**Records supplied**
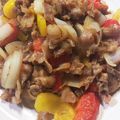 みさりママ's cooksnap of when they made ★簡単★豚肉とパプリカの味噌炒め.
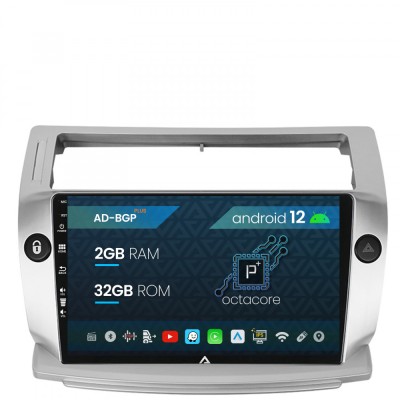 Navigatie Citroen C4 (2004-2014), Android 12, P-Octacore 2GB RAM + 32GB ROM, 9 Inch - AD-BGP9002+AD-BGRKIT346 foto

--

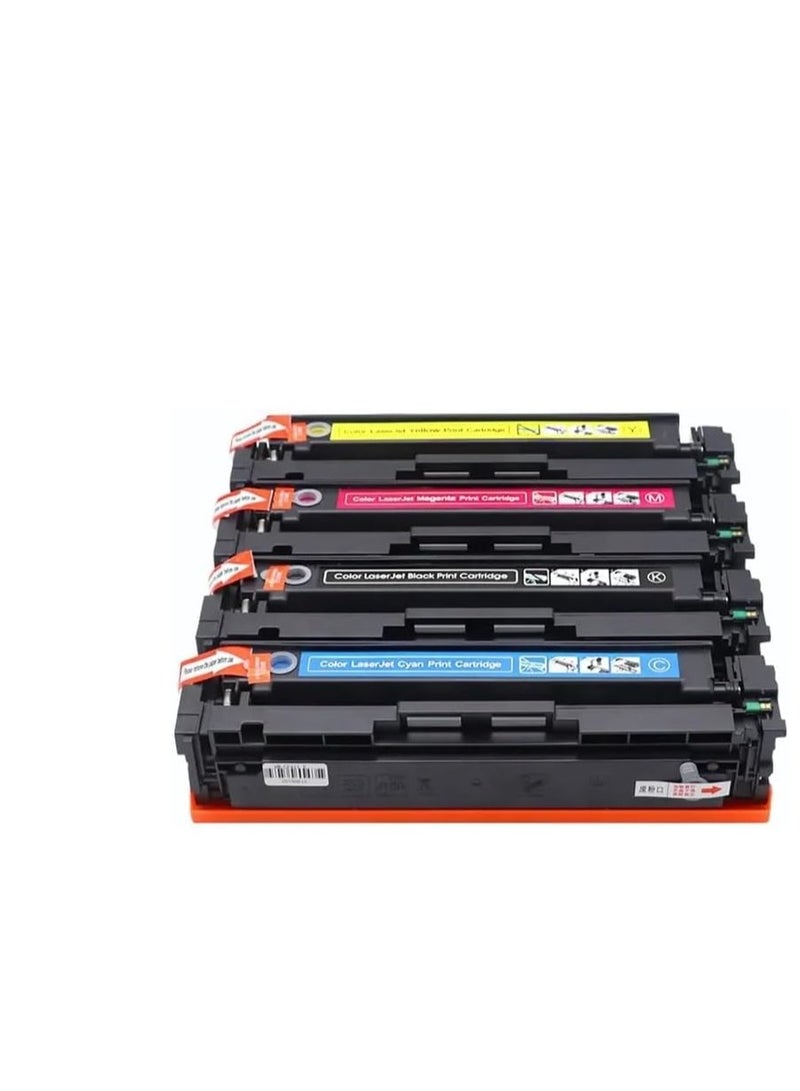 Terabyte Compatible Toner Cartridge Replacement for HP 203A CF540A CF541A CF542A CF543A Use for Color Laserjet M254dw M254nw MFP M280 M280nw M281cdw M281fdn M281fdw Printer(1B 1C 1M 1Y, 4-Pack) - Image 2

**Problem to work on**
Set down again, exactly, every line above from the one with "みさりママ's cooksnap of" down to the one with "Navigatie Citroen C4", both ends included. No pictures, and nothing else.

**Result below**
 みさりママ's cooksnap of when they made ★簡単★豚肉とパプリカの味噌炒め.
 Navigatie Citroen C4 (2004-2014), Android 12, P-Octacore 2GB RAM + 32GB ROM, 9 Inch - AD-BGP9002+AD-BGRKIT346 foto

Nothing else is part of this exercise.